Start of Dataset records
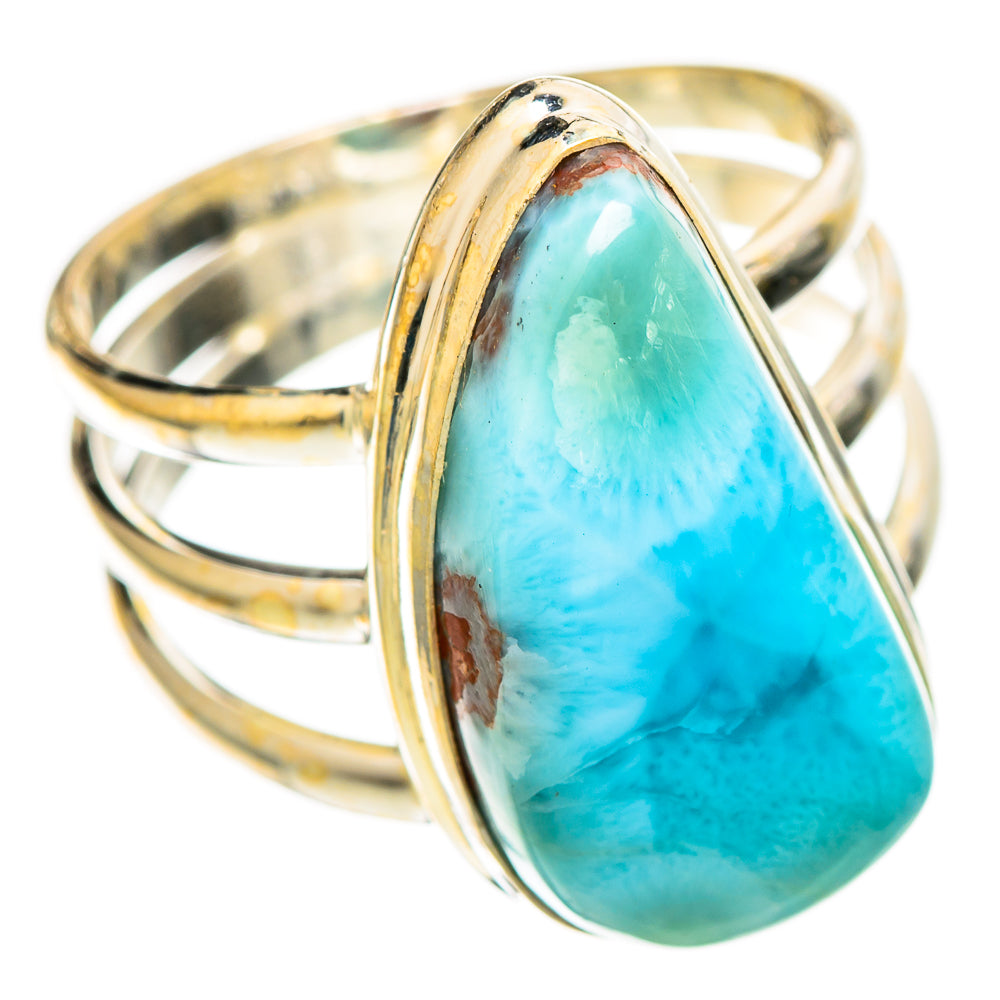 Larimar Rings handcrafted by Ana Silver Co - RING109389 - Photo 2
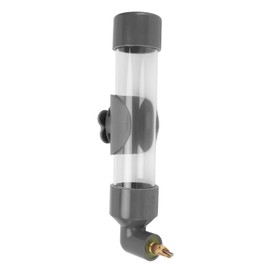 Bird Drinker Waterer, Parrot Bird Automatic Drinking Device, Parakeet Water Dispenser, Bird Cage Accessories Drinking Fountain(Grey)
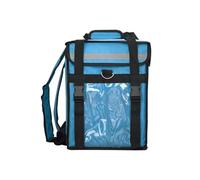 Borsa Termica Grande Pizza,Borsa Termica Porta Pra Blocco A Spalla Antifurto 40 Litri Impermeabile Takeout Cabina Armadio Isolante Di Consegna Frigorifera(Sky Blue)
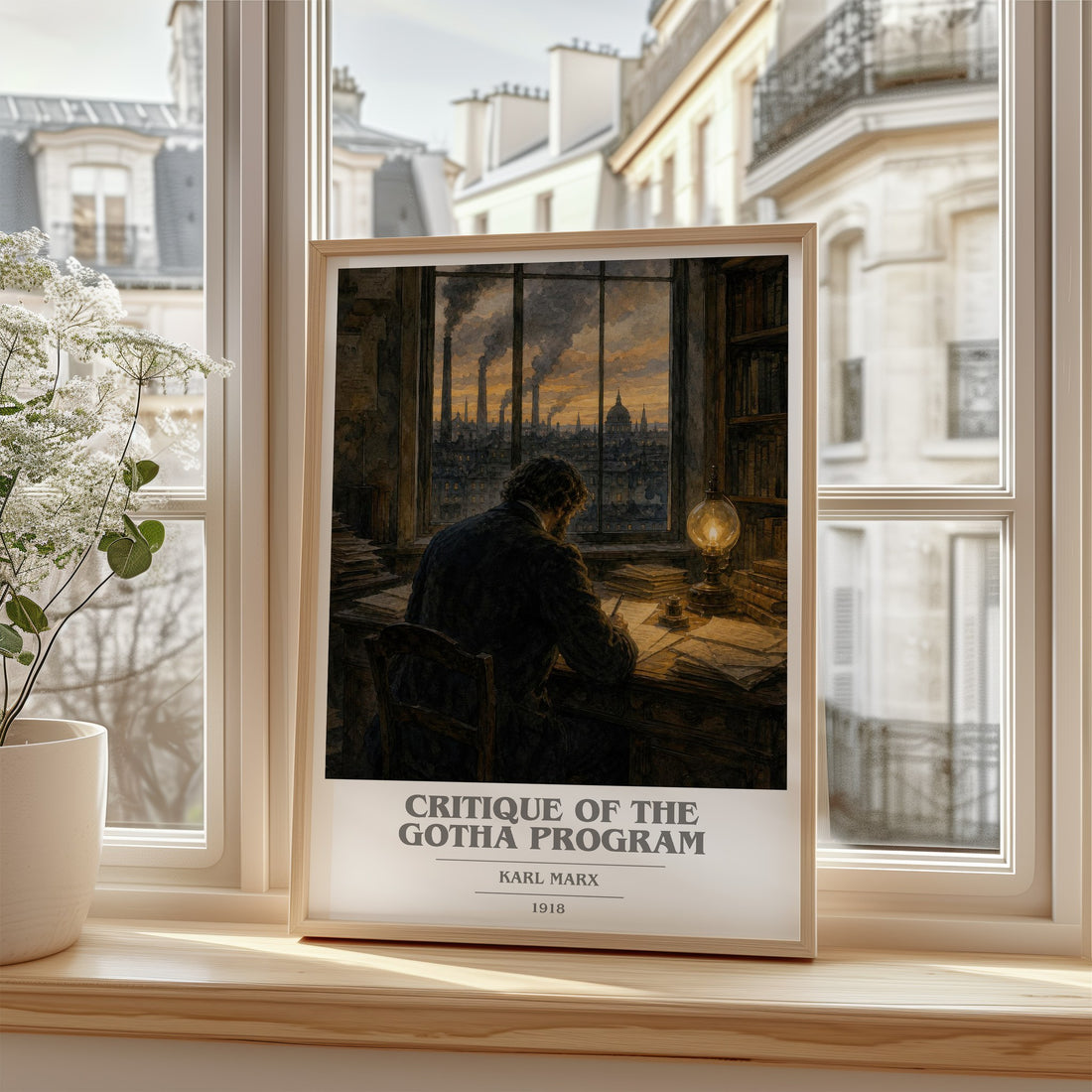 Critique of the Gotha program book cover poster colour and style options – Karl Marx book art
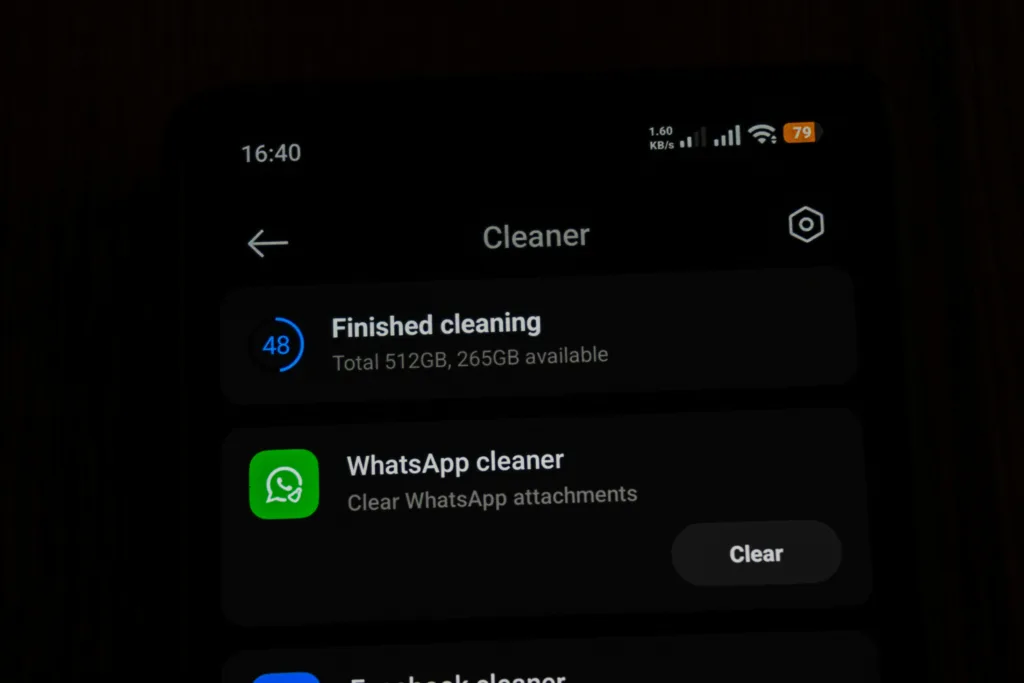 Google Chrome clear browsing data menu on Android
End of Dataset records
**Work order**:
Omit the pictures, then give every record back exactly as it stands.

**Written solution**:
 Larimar Rings handcrafted by Ana Silver Co - RING109389 - Photo 2
 Bird Drinker Waterer, Parrot Bird Automatic Drinking Device, Parakeet Water Dispenser, Bird Cage Accessories Drinking Fountain(Grey)
 Borsa Termica Grande Pizza,Borsa Termica Porta Pra Blocco A Spalla Antifurto 40 Litri Impermeabile Takeout Cabina Armadio Isolante Di Consegna Frigorifera(Sky Blue)
 Critique of the Gotha program book cover poster colour and style options – Karl Marx book art
 Google Chrome clear browsing data menu on Android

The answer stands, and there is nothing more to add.